Once Cam and Lizzie were on their way, I looked sharply at Mom and asked, “What now”?
Mom, however, was staring grimly out the same window that Grant had been gazing out of earlier, and before she could answer my question Grant said, “I have to go find my colleagues.”
“In this weather?” Mom asked worriedly.
“They’re stuck on the road,” he said. “As of our last contact they were almost here, so they should have arrived long since. I have no way to communicate with them if I stay here, and if they’re in trouble, as seems likely, they’ll need my help. I’m sorry to leave the mansion, but I don’t have any choice.”
My mom nodded agreement. “You should take helpers with you,” she decided.
Amazed that Grant didn’t insist on going alone, I stepped forward and said, “I’ll get my coat.” I was relieved that I’d be able
to do something useful at last.
“No, not you,” said Mom.
My mom was stubbornly stubborn. Once she got an idea in her head, like the one that said her little girl couldn’t hunt, she was almost impossible to budge.
I stopped dead. “I want to help,” I told her.
“You can help by staying here,” she said. “We can’t leave the mansion deserted.”
“Cookie and Uncle Taft are here,” I said, about to burst from frustration.
“Exactly. Cookie can’t be left to her own devices. She’d do as much damage as if we handed the mansion over to the Root of All Evil on a platter,” said Mom.
“Your mom has a point. Someone needs to stay here,” said Grant, looking intently at me. He was dressed all in black and his large-brimmed hat was tilted over his eyes. He looked dashing.
“This isn’t any of your business,” I fumed.
“Don’t talk to company like that,” Mom snapped.
It took great effort not to roll my eyes.
“Get Pep and Lark. You can all stay,” she said. “We’ll be back shortly.”
“Even you’re leaving?” I was incredulous. Mom never left.
“Like Grant said, they might need help. They were almost here when we last heard from them, so we won’t shouldn’t be gone long. And with customers warned that the SpookyBooSpectacular is postponed, there shouldn’t be any problems here.”
As if putting me completely and instantly out of her thoughts, she turned to Grant and said, “Gather the others.

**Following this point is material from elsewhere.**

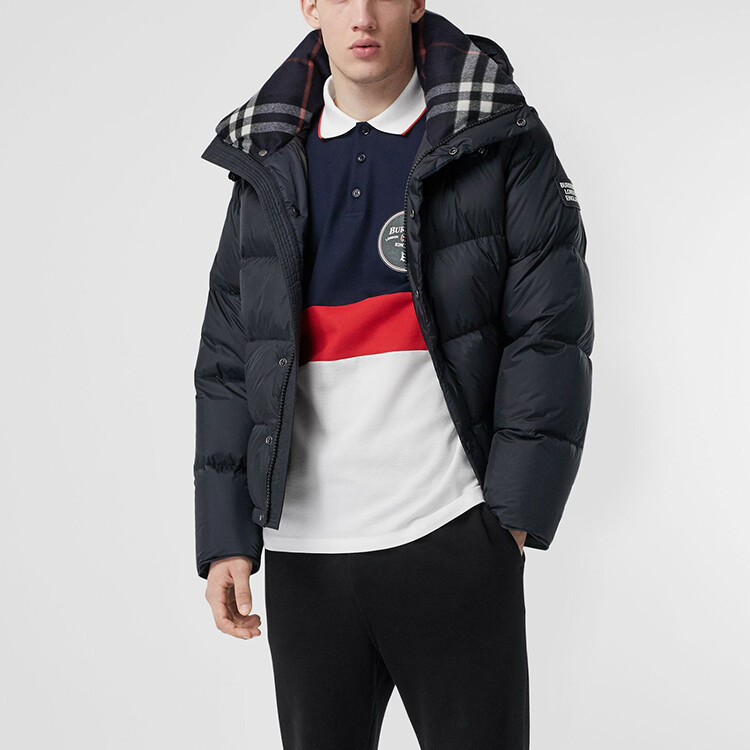 Куртка-пуховик Burberry мужская с отстегивающимися рукавами, темно-синий — фото 4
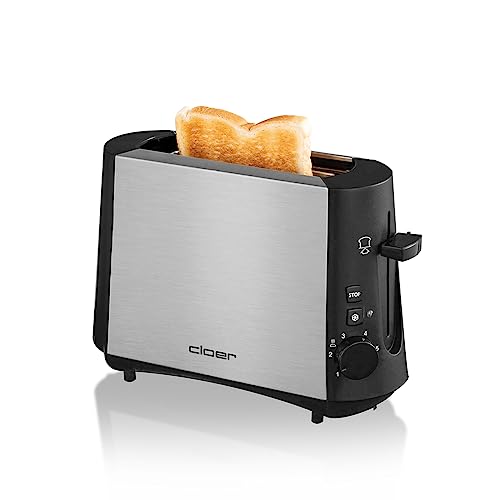 Cloer 3890 Single-Toaster, Minitoaster für 1 Toastscheibe, 600 W, Auftau-Funktion, Krümelschublade, Nachhebevorrichtung, mattiertes wärmeisoliertes Edelstahlgehäuse von Cloer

If we’re going to help the warlocks we need to get to them as soon as possible.”
Grant gave one curt nod. Without looking at me, he turned and left the foyer.
I was furious. As Mom went to make final preparations for their departure, I went in search of Mirrorz.
After looking for a long time, I found him dusting bookshelves in the library.
He looked surprised to see me and said so. “Everyone else is leaving. The warlocks are in trouble. I’m to stay at the mansion.”
Mirrorz black eyes softened. “Your mother only wants what is best for you. Her only daughter is very important to her.”
“I want to do something exciting! The action is out there where the warlocks are, not in here,” I complained.